Apareceu de súbito na entrada daquele cubículo.
A surpresa foi mútua.
O homem que esperava ver surgir Mohamed viu chegar
uma branca aparição desconhecida. E Baby, que contava
encontrar outro árabe, viu, sentado num catre, um homem
branco, atlético, ruivo, nu da cintura para cima.
Os dois saíram ao mesmo tempo de sua surpresa. E ao
mesmo tempo reagiram. O homem saltou para o tamborete
onde estava um coldre que continha uma pistola e seus
dedos cravaram-se em sua culatra. Baby encontrou muito
menos dificuldade em sua reação; teve apenas que apertar
o gatilho.
Plop.
Ele recebeu a bala na têmpora esquerda, caiu sobre o
tamborete e ficou estendido de costa. Durante uns
segundos, Brigitte permaneceu imóvel, olhos fixos no
cadáver.
Finalmente aproximou-se e fixou aqueles olhos azuis,
arregalados numa expressão de imensa surpresa.
Estava certa de que não havia mais nenhum inimigo
naquela casa, de modo que chamou: — Moussa... Moussa!
— Di-diga, madame... — o marroquino apareceu no
umbral.
— Procure os outros dois pela casa. Vamos.
— Oui-oui, madame!
Ele desapareceu do umbral e Baby foi até o tamborete,
onde estavam as roupas do homem branco. Desdenhou a
pistola e dedicou-se a procurar nos bolsos. As roupas eram
de má qualidade e velhas, como convinha a quem não
quisesse chamar muita atenção, se frequentasse a Kasbah.
Encontrou o rádio de bolso, dinheiro, alguma munição,
cigarros, fósforos, documentos com o nome de Pierre
Latour... Documentos falsos, naturalmente.
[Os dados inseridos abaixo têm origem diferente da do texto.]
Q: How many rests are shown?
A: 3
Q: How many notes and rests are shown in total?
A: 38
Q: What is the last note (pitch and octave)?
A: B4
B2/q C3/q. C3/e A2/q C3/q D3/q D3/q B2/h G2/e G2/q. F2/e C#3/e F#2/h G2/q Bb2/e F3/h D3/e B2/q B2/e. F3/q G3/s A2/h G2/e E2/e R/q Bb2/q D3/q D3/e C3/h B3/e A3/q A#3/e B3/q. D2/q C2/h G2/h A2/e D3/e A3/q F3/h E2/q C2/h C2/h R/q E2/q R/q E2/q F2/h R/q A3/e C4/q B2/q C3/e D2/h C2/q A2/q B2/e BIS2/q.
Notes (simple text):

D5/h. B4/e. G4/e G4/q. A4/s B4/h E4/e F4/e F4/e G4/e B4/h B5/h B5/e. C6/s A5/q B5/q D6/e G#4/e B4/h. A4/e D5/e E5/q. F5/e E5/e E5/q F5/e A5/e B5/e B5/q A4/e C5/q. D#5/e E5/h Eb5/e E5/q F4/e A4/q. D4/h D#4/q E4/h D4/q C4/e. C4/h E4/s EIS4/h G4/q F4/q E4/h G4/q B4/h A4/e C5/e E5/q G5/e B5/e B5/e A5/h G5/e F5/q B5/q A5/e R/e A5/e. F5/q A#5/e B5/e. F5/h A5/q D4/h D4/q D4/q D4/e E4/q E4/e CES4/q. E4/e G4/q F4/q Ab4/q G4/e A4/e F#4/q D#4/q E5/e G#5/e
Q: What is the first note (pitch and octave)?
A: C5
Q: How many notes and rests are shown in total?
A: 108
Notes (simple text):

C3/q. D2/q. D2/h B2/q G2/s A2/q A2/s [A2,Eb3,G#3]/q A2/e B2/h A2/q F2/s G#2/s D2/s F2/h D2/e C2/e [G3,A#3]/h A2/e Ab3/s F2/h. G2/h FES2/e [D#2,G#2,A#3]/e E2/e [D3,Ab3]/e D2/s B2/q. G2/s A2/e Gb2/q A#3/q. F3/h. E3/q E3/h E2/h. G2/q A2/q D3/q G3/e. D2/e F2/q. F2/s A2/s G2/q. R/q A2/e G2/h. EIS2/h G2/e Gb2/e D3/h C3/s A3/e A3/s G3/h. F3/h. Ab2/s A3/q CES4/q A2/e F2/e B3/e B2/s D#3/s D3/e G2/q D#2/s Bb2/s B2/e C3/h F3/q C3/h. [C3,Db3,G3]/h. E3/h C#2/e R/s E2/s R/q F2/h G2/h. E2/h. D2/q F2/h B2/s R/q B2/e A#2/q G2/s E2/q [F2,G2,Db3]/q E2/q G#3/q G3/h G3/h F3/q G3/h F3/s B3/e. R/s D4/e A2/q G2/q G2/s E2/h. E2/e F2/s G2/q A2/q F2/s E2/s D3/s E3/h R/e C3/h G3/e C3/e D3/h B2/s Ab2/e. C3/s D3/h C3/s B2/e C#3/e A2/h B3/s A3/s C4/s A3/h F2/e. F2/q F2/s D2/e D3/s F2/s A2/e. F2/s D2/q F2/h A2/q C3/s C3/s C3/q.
Ela podia farejar
um agente do MVD de Washington a Moscou.
— Madame, eu... eu encontrei.
Virou-se como um raio e Moussa tornou a sobressaltar-se.
Viu apontar para a direita e caminhou para lá, atrás dele.
Ao fundo, havia uma porta muito grossa, que
evidentemente o marroquino havia aberto.
Quando entrou, encontrou-se num quarto de quatro
escassos metros quadrados. Em frente à entrada,
amarrados a grossas pranchas sujas de sangue, como
animais imundos, viu dois homens. Estavam quase nus e
tinham sangue seco por toda parte. Seus cabelos formavam
uma pegajosa massa devido aos coágulos de sangue e seus
rostos tumefactos estavam cheios de equimoses. Tinham os
olhos quase fechados. Uns olhos que brilhavam mortiços,
através das pálpebras inflamadas, fixos naquela branca
aparição. Uns olhos que mal se viam, mas o suficiente para
poder distinguir-se no fundo de suas pupilas a expressão de
terror, de espanto infinito.
Brigitte aproximou-se lentamente, ajoelhou-se diante
deles e retirou o véu que ocultava a metade de seu rosto.
Depois tirou o capuz e, por último, as lentes de contato.
Então o azul maravilhoso de seus olhos resplandeceu.
Os dois homens viram o belíssimo rosto moreno diante
deles. E ouviram a doce voz: — Que tal se formos dar um
bonito passeio, rapazes?
Uma luz de esperança apareceu naqueles olhos que a
fitavam.
— Baby? — murmurou una deles, num tom de absoluto
assombro.
— Você não deveria surpreender-se, Johnny... — sorriu
ela. — Desde quanto eu abandono meus rapazes?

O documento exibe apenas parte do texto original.